Cogito is searching for a Principal Site Reliability Engineer to join our organization. The ideal candidate has a mix of customer-facing skills, strong operational production support experience, systems know-how and leadership skills.
You have deep experience in running Kubernetes infrastructure for production SaaS systems on a global scale. You have organized a team to provide responsive on-call support for both external and internal customers, maintained and upgraded large scale production systems and cloud infrastructure to meet strict security requirements while maintaining operational SLOs and customer SLAs.
You have experience in platform migrations and have moved large production workloads from legacy systems to Kubernetes based containerized microservices architecture successfully. You possess very strong troubleshooting skills and have led a team of SREs/operations engineers to perform troubleshooting, system maintenance and software updates in the cloud native Kubernetes environment.
You have transformed the operations model to enable continuous deployments and high developer productivity while the company has experienced hypergrowth and international expansion. You are well organized and thrive in fast paced environments where priorities are set based on business needs. Conversant with a large variety of subjects, you have the ability to triage and manage a broad range of issues. You have led multiple projects to successful completion and deployment to production.

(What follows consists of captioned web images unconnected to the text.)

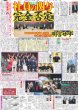 画像2: 南野陽子「みんなで神戸を盛り上げたい」阪神・淡路大震災から節目の30年（東京版）2025年1月18日付 (2)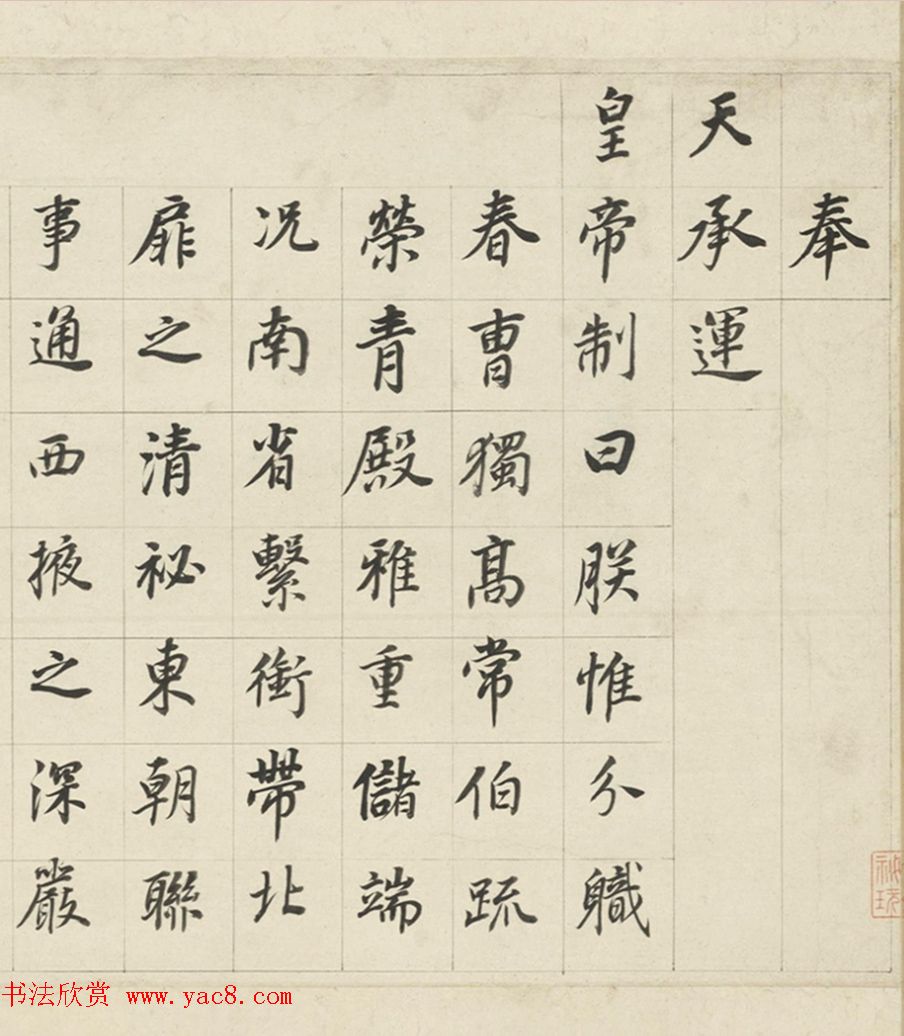 董其昌70岁楷书《三世自诰卷》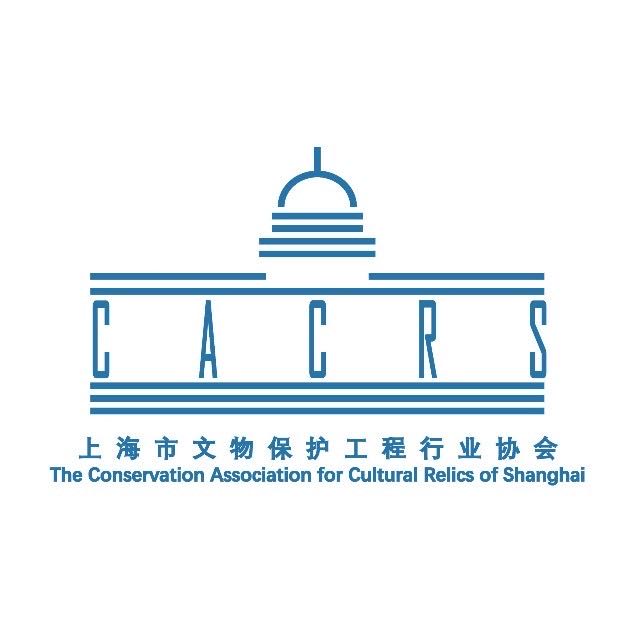 上海市文物保护工程行业协会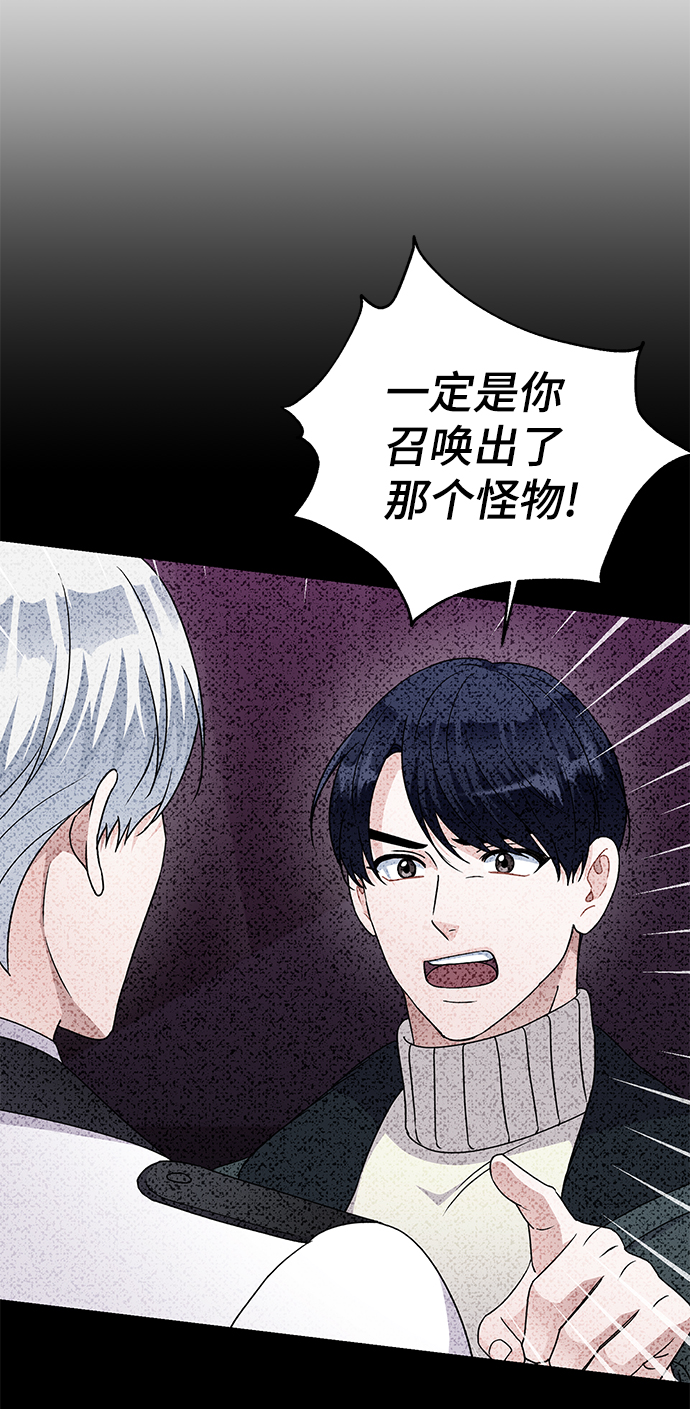 第84话66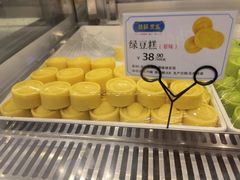 -读酥世家(宛平南路店)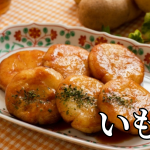 北海道の郷土料理『いももち/いもだんご』とは – 特徴・歴史・作り方 北海道の郷土料理『いももち/いもだんご』とは – 特徴・歴史・作り方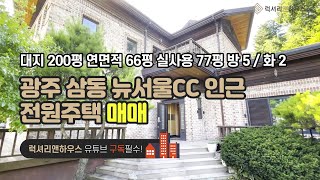 삼동 뉴서울CC근처 전원주택 대지 200평 연면적 66평 실사용 77평 방 5 화 2 금액 사이트 참조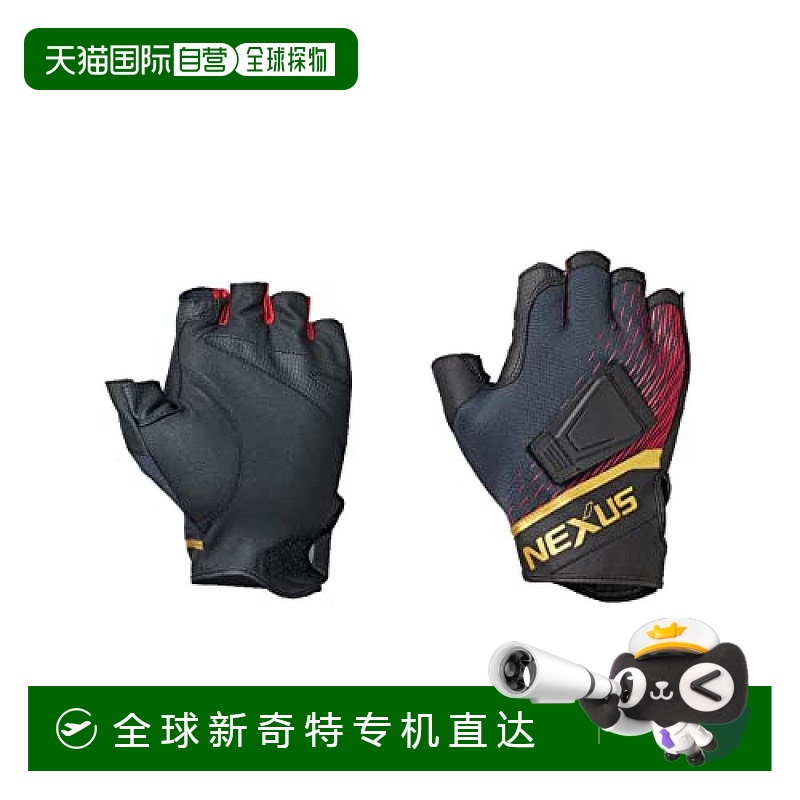 【日本直邮】Shimano禧玛诺 NEXUS防风手套 无指 GL-113V 红 S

You have strong leadership skills and have been a team lead or manager of talented professionals in the past. You can delegate and collaborate smartly, leveraging the strengths of individuals while building new skills and capabilities in the organization. You have been a mentor in the past, and have found it a rewarding experience. Teaching and leading others is part of what you do naturally.
- Delight internal and external customers by responsive and well organized on-call SRE team support and highly performant and well maintained tools, systems and Kubernetes based production infrastructure.
- Provide timely resolution to customer concerns and issues. Troubleshoot software and infrastructure issues as needed.
- Maintain PCI, HITRUST, HIPAA and SOC2 status by maintaining the tools and systems you are responsible for, keeping the software updated and providing support for our security team during the security audits.
- Continuously improve the reliability and cost efficiency of our services and infrastructure.
- Develop and drive SRE engagement model, conduct production readiness reviews and improve our operational processes to enable company growth and international expansion.
- Automate processes and practices to manage cloud infrastructure lifecycle and configurations to client specifications.
- Design and architect technical solutions to meet customer requirements and communicate to a broad range of stakeholders within the business.
- Team leadership, organizing on-call schedules and running scrum meetings effectively. Keep track of deliverables and provide weekly status reports on team achievements.
- Bachelors degree in a CS/IS/IT/System Administration related field or equivalent experience
- 5+ years in a DevOps, Site Reliability Engineer or equivalent role
- Willingness to learn new technologies and skills on the fly
- Willingness to mentor junior team members
- Demonstrate a history of working in environments with any of the following compliance standards: PCI, HITRUST, HIPAA, Sarbanes Oxley, ISO27002, CIS L1 & L2
- Extensive experience in production Kubernetes clusters and related tooling (Service Mesh, Ingress Controller, Operators). This is a critical requirement to be successful in this role.
- Extensive experience with a public cloud provider (AWS is preferred).
- Proficient programming/ scripting languages to automate repeatable processes and develop/enhance microservice-based systems ( e.g. bash, Python, Go, Java)
- Experience with Configuration management tools (e.g. Ansible, Chef, Puppet, etc)
- Experience in building Infrastructure as code (e.g. Terraform, Cloudformation etc)
- Deep understanding of Linux
- Extensive experience with a CI/CD tool such as Jenkins, Travis CI etc.
- Extensive experience in troubleshooting and debugging application related network and infrastructure issues
- Experience in production SaaS environments
- Excellent communication and documentation skills
- Experience working in company that practices both an Agile and DevOps mentality
- Your choice of comprehensive benefits for you and your - dependents effective on date of hire; health, dental, vision, flexible spending, life insurance, disability, additional voluntary supplemental life insurance
- Pet Insurance
- Employee Assistance Programs (EAP)
- 20 days vacation time, 5 days sick time, 2 floating holidays and 11 company holidays
- 2 "Be Gentle" personal days
- 401(k) retirement plan options
- Competitive pay and bonus eligibility
- Stock options via equity grants
- Ongoing professional development and cross-training
- Company paid parental leave upon hire
- Office Optional policy where Cogicians choose where they work either primarily remote, primarily in office or hybrid
- Ability to support Cogicians anywhere in the US through our Office Optional policy
- Employee Referral Bonus Program
- Employee Resource Groups
Equal Opportunity Employer
Cogito is a proud equal opportunity employer. We are committed to fair hiring practices and to creating a welcoming environment for all team members. All qualified applicants will receive consideration for employment without regard to race, color, religion, gender, gender identity or expression, sexual orientation, national origin, disability, age, familial status or veteran status.
Authorization to Work
Applicants for employment in the US must be authorized to work in the US.